PROBLEM REQUIREMENTS: Would you mind restating all of the records word for word, skipping the pictures?

*-*-*

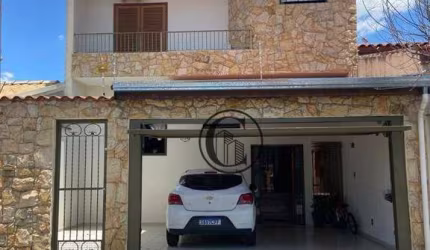 Sobrado com 3 dormitórios à venda, 203 m² por R$ 650.000,00 - Jardim Wanel Ville V - Sorocaba/SP
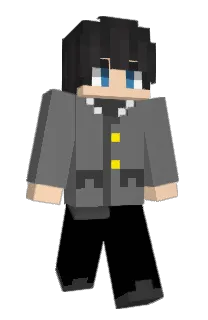 Front of _SOAM_'s skin
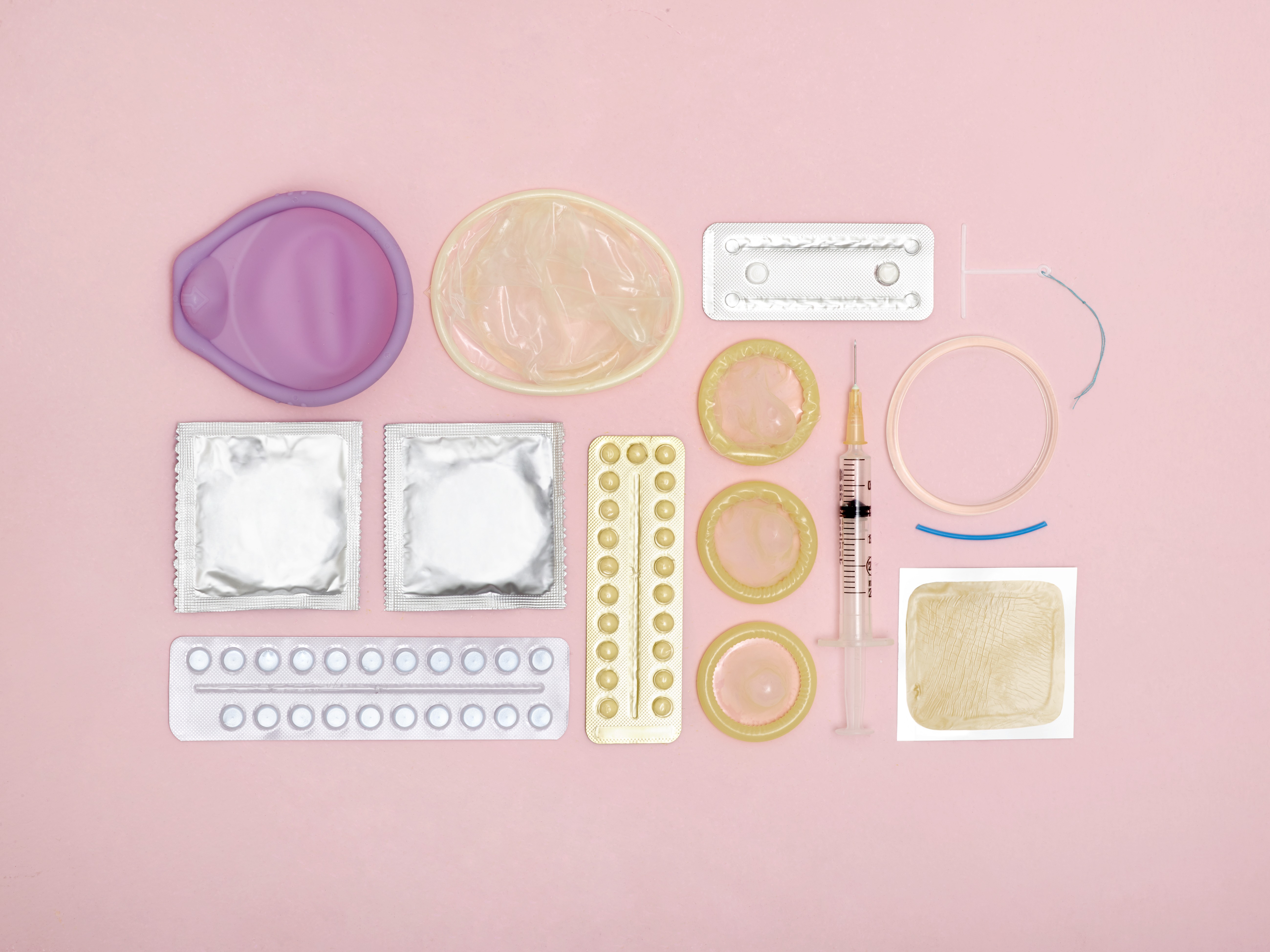 birth control options
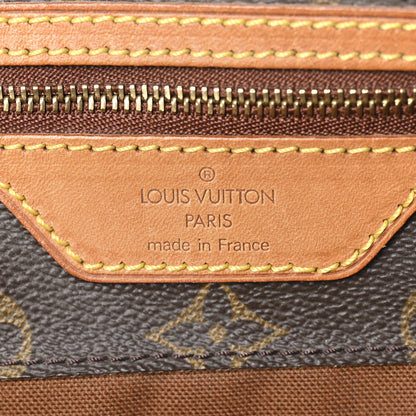Louis Vuitton Monogram Cabas Alto 5 of 10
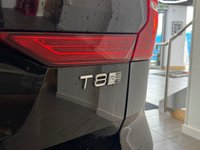 USED 2018 C VOLVO XC60 2.0h T8 Twin Engine 10.4kWh R-Design SUV 5dr Petrol Plug-in Hybrid Auto AWD Euro 6 (s/s) (390 ps) 
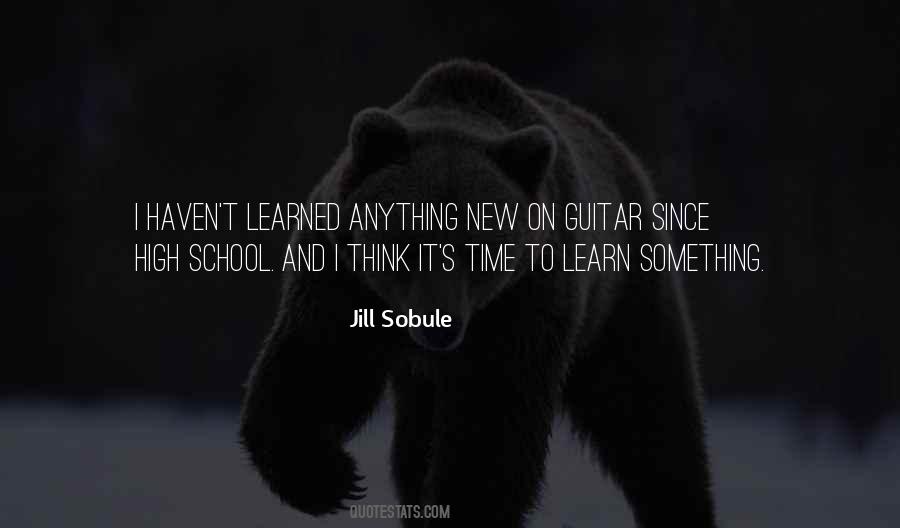 Quotes About Learned #1833476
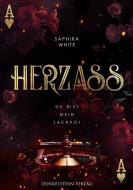 Herzass di Saphira White edito da Dunkelstern Verlag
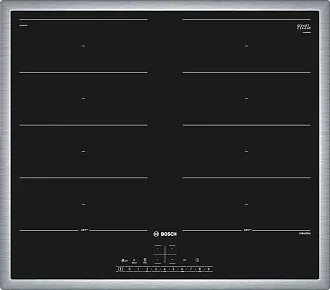 Индукционная варочная панель Bosch PXX645FC1E на 4 конфорки, шириной 58.3 см, черный 6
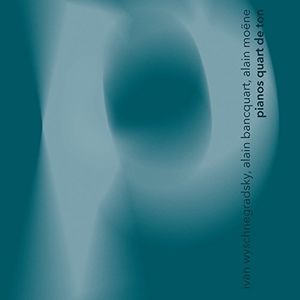 Pianos Quart de Ton , Bancquart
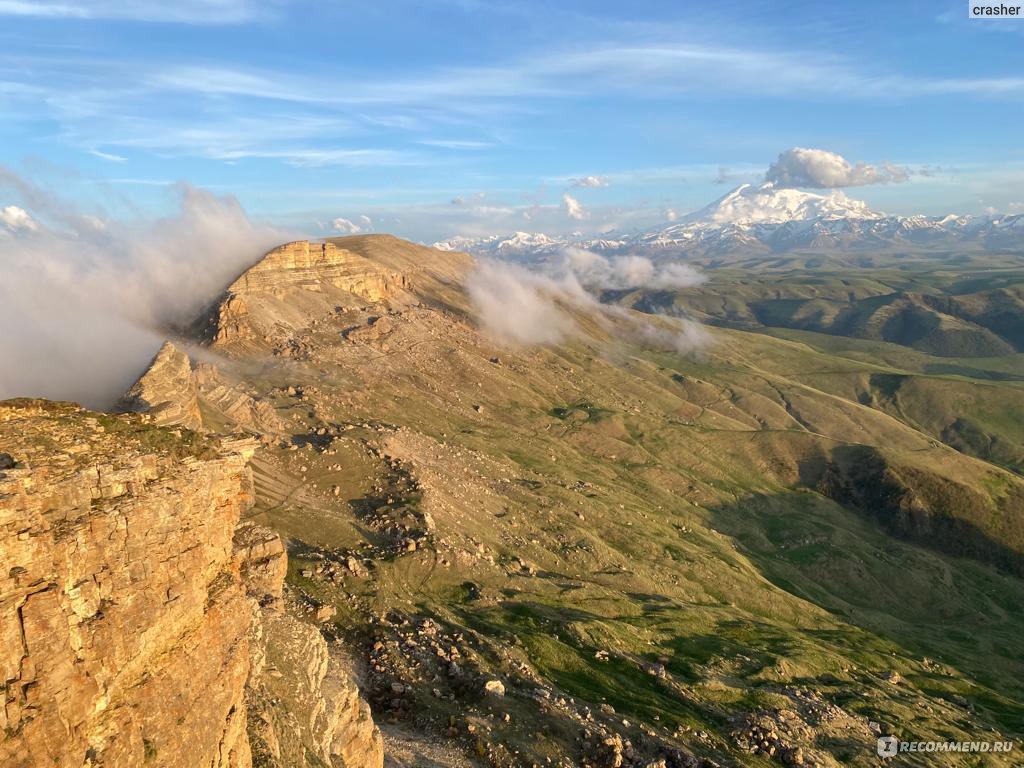 Плато Бермамыт гора Алебастровая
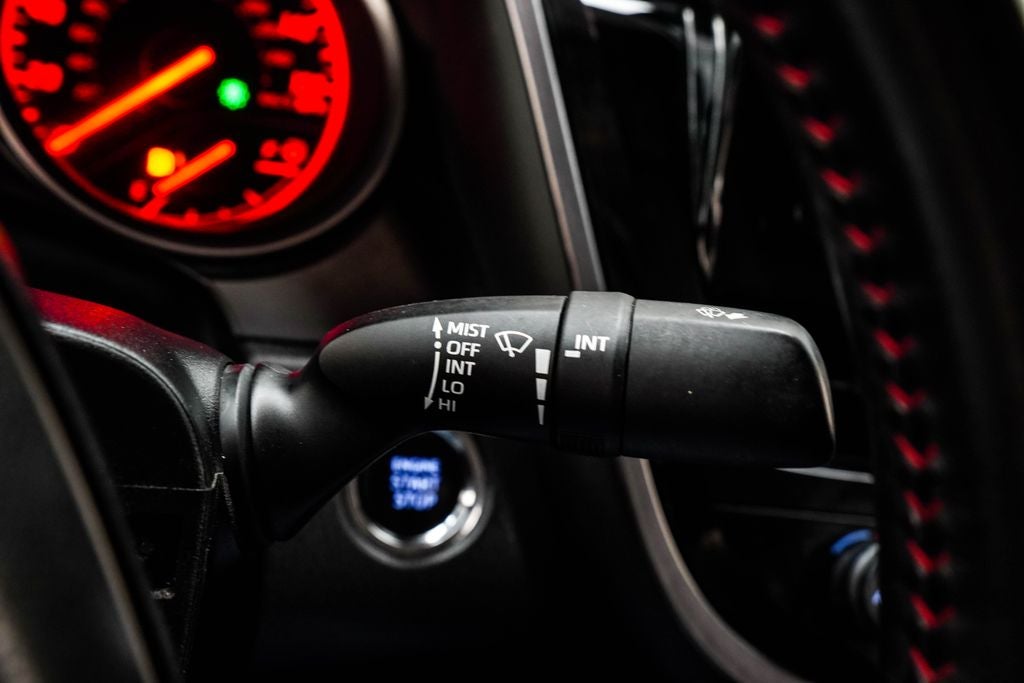 2021 Toyota Camry TRD V6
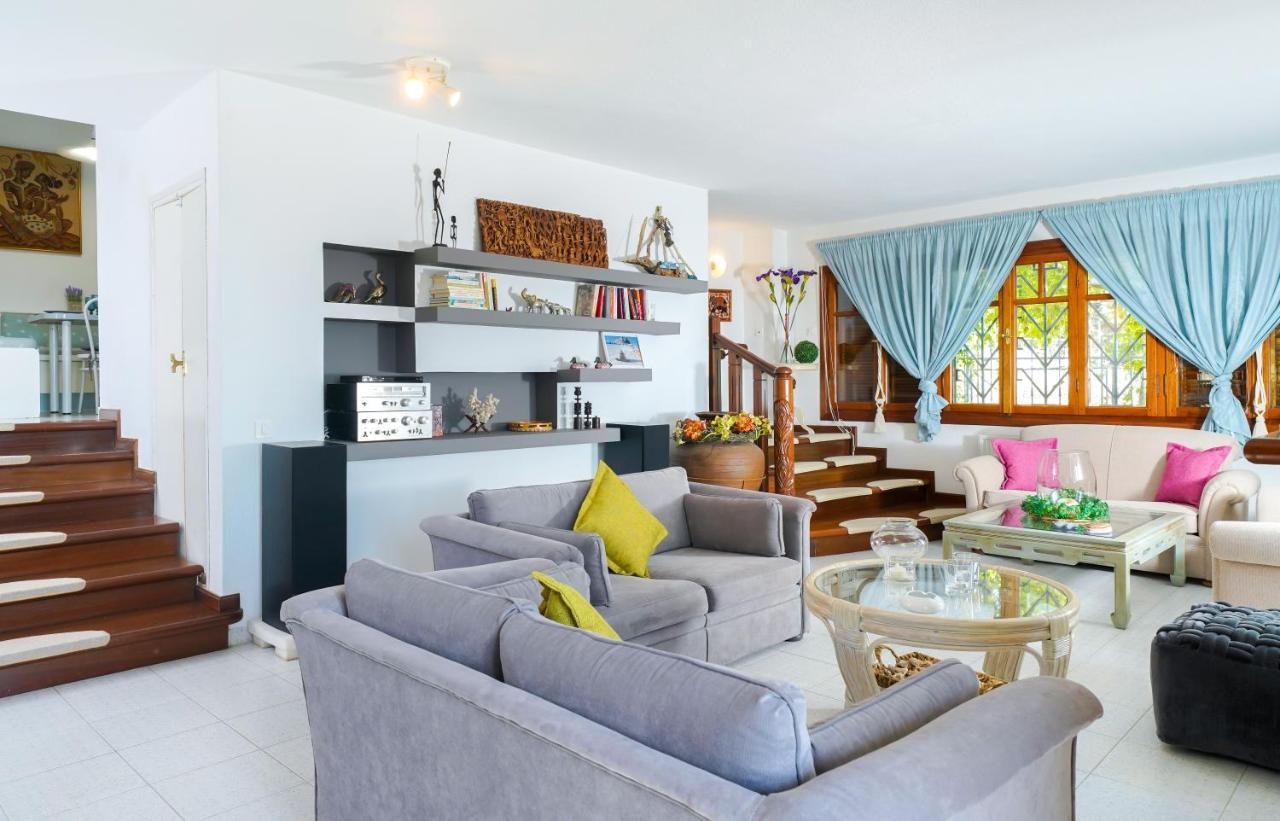 Villa Anna Kallirakhi Экстерьер фото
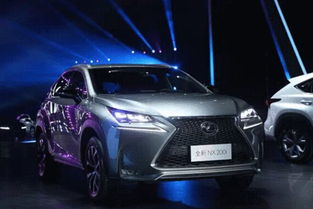雷克萨斯全新suv_雷克萨斯全新SUV--第1张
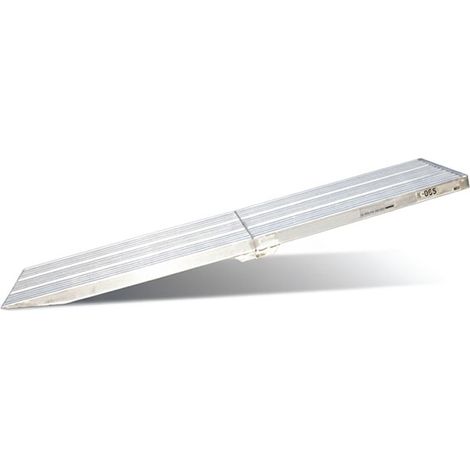 Verlasdestege, klappbar - Breite 750 mm, 3500mm lang - SLK3500/750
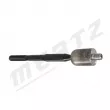 Rotule de direction intérieure, barre de connexion MERTZ M-S1583 - Visuel 2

*-*-*

TASK ANSWER:
 Sobrado com 3 dormitórios à venda, 203 m² por R$ 650.000,00 - Jardim Wanel Ville V - Sorocaba/SP
 Front of _SOAM_'s skin
 birth control options
Louis Vuitton Monogram Cabas Alto 5 of 10
 USED 2018 C VOLVO XC60 2.0h T8 Twin Engine 10.4kWh R-Design SUV 5dr Petrol Plug-in Hybrid Auto AWD Euro 6 (s/s) (390 ps) 
 Quotes About Learned #1833476
 Herzass di Saphira White edito da Dunkelstern Verlag
 Индукционная варочная панель Bosch PXX645FC1E на 4 конфорки, шириной 58.3 см, черный 6
 Pianos Quart de Ton , Bancquart
 Плато Бермамыт гора Алебастровая
 2021 Toyota Camry TRD V6
 Villa Anna Kallirakhi Экстерьер фото
雷克萨斯全新suv_雷克萨斯全新SUV--第1张
 Verlasdestege, klappbar - Breite 750 mm, 3500mm lang - SLK3500/750
 Rotule de direction intérieure, barre de connexion MERTZ M-S1583 - Visuel 2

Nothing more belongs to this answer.